Probability
14.0 Binomial Distribution for Successive Events
14.0 Binomial Distribution for Successive Events
Bernoulli trials:
Trials of a random experiment are called Bernoulli trials, if they satisfy the following conditions:
i. They are finite in number
ii. They are independent of each other
iii. Each trial has exactly two outcomes. (Success or Failure)
iv. The probability of success and failure remains same in each trial.
Binomial distribution:
Suppose $p$ and $q$ are the respective chances of the happening and failing of an event at a single trial i.e. $p + q = 1$. Then the chance of its happening $r$ times in $n$ trials is $^n{C_r}{p^r}{q^{n - r}}$ as the chances of its happening $r$ times and failing $n - r$ trials in a given order is ${p^r}{q^{n - r}}$ and there are $^n{C_r}$ such orders which are mutually exclusive.
This is given by the terms in the binomial expansion of ${(p + q)^n}$.
Explanation: Consider a random experiment and an event $A$ associated with it.

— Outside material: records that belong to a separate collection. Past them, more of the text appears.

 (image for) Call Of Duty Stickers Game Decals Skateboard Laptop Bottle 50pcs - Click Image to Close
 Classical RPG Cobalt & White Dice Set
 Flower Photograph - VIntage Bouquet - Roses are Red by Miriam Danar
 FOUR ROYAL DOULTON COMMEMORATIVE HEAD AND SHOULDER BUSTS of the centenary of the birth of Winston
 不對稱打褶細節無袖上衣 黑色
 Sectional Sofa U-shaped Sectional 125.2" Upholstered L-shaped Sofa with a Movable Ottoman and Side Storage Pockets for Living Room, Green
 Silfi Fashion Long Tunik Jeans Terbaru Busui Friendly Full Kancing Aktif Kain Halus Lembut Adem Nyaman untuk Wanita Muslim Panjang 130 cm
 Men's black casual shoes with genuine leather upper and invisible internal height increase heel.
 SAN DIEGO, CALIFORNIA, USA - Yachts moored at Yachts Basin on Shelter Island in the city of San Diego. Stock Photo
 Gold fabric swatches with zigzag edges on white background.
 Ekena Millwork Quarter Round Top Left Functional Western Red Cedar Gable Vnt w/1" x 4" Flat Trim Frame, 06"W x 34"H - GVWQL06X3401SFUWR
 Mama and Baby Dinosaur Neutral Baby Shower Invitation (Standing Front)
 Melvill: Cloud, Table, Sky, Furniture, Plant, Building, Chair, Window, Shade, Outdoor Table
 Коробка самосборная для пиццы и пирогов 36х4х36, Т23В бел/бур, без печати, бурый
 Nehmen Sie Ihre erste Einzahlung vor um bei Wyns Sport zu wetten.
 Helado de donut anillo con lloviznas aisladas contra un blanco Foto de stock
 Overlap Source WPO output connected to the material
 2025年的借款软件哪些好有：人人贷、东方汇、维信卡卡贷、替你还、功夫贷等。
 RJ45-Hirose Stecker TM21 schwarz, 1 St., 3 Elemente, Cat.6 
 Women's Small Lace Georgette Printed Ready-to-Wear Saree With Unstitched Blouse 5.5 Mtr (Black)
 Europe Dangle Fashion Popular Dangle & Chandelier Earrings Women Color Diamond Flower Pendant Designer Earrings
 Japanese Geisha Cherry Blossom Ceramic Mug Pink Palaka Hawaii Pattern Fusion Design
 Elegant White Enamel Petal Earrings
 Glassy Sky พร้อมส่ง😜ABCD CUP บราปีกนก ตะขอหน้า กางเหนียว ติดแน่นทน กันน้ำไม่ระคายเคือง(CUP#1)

If the experiment results in the event $A$, let it be considered as success. Let this be denoted by $S$. If the event $A$ is not occurring, then let us consider it to be failure. Let this be denoted as $F$.
Let the probability of $S$ i.e. success be $P(S) = p$
Let the probability of $F$ i.e. failure be $P(F) = q$
Let the experiment be performed $4$ times under identical conditions.
Let the probability of three success be considered.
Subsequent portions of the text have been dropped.